Huntag – a sequential tagger for NLP using Maximum Entropy Learning and Hidden Markov Models
Introduction
Huntag can perform any kind of supervised sequential sentence tagging tasks. It has been used for NP chunking, Named Entity Recognition, and clause chunking.
The flexibility of Huntag comes from the fact that it will generate any kind of features from the input data given the appropriate python functions. Several dozens of features used regularly in NLP tasks are already implemented in the file features.py, however the user is encouraged to add any number of her own.
Once the desired features are implemented, a data set and a configuration file containing the list of feature functions to be used are all Huntag needs to perform training and tagging.
Download
The latest version of huntag can be downloaded through our public cvs server with the following command:
cvs -d :pserver:anonymous:anonymous@cvs.mokk.bme.hu:/local/cvs co huntaggers
Note that several training corpora come together with the source code, so the whole download is more than a 100 megabytes.
Installation
Huntag was written in python, so no compilation step is needed. But the Maximum Entropy toolkit must be installed with Python bindings. It can be obtained from:
http://homepages.inf.ed.ac.uk/lzhang10/maxent_toolkit.html
Usage
Tagging:
cat data | ./huntag.py --model=MODEL --features=FEATUREFILE –traincorpus=TRAINCORPUS [ --keptfeats=KEPTFEATS ] [ --lmweight LMWEIGHT=0.2 ] [ --daemon ]
MODEL specifies the maximum entropy emission model. It uses the standard serialization format of the maxent module, and is typically written by train.py.
FEATUREFILE is a human-edited description of the features to be used. At the most basic level, it assigns python functions to feature names. See below for more details.

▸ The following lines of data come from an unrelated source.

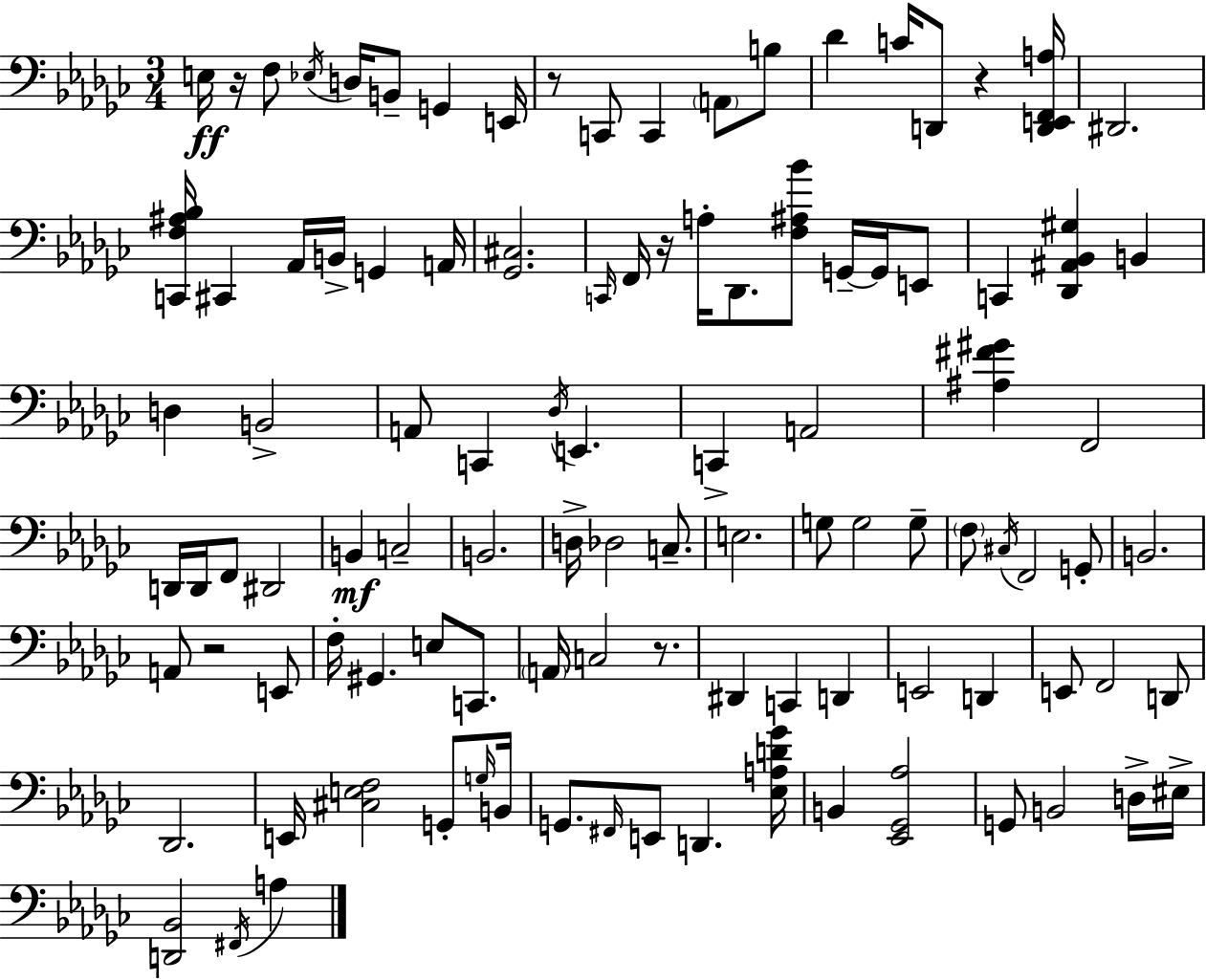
X:1
T:Untitled
M:3/4
L:1/4
K:Ebm
E,/4 z/4 F,/2 _E,/4 D,/4 B,,/2 G,, E,,/4 z/2 C,,/2 C,, A,,/2 B,/2 _D C/4 D,,/2 z [D,,E,,F,,A,]/4 ^D,,2 [C,,F,^A,_B,]/4 ^C,, _A,,/4 B,,/4 G,, A,,/4 [_G,,^C,]2 C,,/4 F,,/4 z/4 A,/4 _D,,/2 [F,^A,_B]/2 G,,/4 G,,/4 E,,/2 C,, [_D,,^A,,_B,,^G,] B,, D, B,,2 A,,/2 C,, _D,/4 E,, C,, A,,2 [^A,^F^G] F,,2 D,,/4 D,,/4 F,,/2 ^D,,2 B,, C,2 B,,2 D,/4 _D,2 C,/2 E,2 G,/2 G,2 G,/2 F,/2 ^C,/4 F,,2 G,,/2 B,,2 A,,/2 z2 E,,/2 F,/4 ^G,, E,/2 C,,/2 A,,/4 C,2 z/2 ^D,, C,, D,, E,,2 D,, E,,/2 F,,2 D,,/2 _D,,2 E,,/4 [^C,E,F,]2 G,,/2 G,/4 B,,/4 G,,/2 ^F,,/4 E,,/2 D,, [_E,A,D_G]/4 B,, [_E,,_G,,_A,]2 G,,/2 B,,2 D,/4 ^E,/4 [D,,_B,,]2 ^F,,/4 A,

TRAINCORPUS is a gold standard data file used to build the language model for tags from.
KEPTFEATS is a file that contains a list of features. This can be smaller than the ones listed in FEATUREFILE, acting as a post-filter.
LMWEIGHT is the relative importance of the tag language model when compared to the maximum entropy emission model.
–daemon is a toggle that forces a sentence-by-sentence processing mode, suitable for, say, socket communication.
Training:
cat traindata | ./featurize.py -f FEATUREFILE | ./train.py MODEL ITERATION_NUMBER GAUSSIAN_PRIOR
The MODEL specifies the model name to be written, ITERATION_NUMBER gives the number of iterations for the maxent trainer, and GAUSSIAN_PRIOR is self-explanatory. (1 is a meaningful default for it.)
Specialized versions:
huntaggers comes pre-packaged with training corpora that can be used to train Hungarian and English named entity recognizers, NP-chunkers and clause chunkers. The ./*.sh shell scripts (hunner.sh, hunchunk.sh etc.) give an idea about the pairing between feature description files, training corpora, and parameters. We do not distribute the trained emission models, because they are very large. They can be easily built using the commands above, from these files:
Hungarian NER: data/ner/szuz/szeged.train hunner/features.txt Hungarian maximal NP-chunking: data/chunk/szeged.max hunchunk/features_krPatt.txt English NER: data/ner/eng/eng.bie1 hunner/features.txt English base NP-chunking: data/chunk/eng/penn.base hunchunk/features_eng.txt Hungarian clause chunking: data/cp/szeged.cp.bie1 hunchunk/features_old.txt
Data formats
Input file
Input data must be a tab-separated file with one word per line and an empty line to mark sentence boundaries. Each line must contain the same number of fields. Such a block consists of a tab-separated line for each token of the sentence. By convention, the first (0th, as numbered in the feature description file) column is the word form, but this is not actually mandatory.
Train corpus file
The format of the train corpus file is the same as the input file, except for an extra column that gives the gold standard output for each token. This field must contain the correct tag for the word, which may be in the BI format used at CoNLL shared tasks (e. g. B-NP to mark the first word of a noun phrase, I-NP to mark the rest and O to mark words outside an NP) or in the so-called BIE1 format which has a seperate symbol for words constituting a chunk themselves (1-NP) and one for the last words of multi-word phrases (E-NP). The first two characters of answer tags should always conform to one of these two conventions, the rest may be any string describing the category.
Feature description file
The feature file may start with a command specifying the default radius for features. This is non-mandatory. Example:
!defaultRadius 5
After this, it can give values to variables that shall be used by the featurizing methods. Example:
let krpatt minLength 2 let krpatt maxLength 99 let krpatt lang hu
The first argument specifies the name of the feature, the third a key, the fourth a numeric value. The dictionary of key-value pairs will be passed to the feature.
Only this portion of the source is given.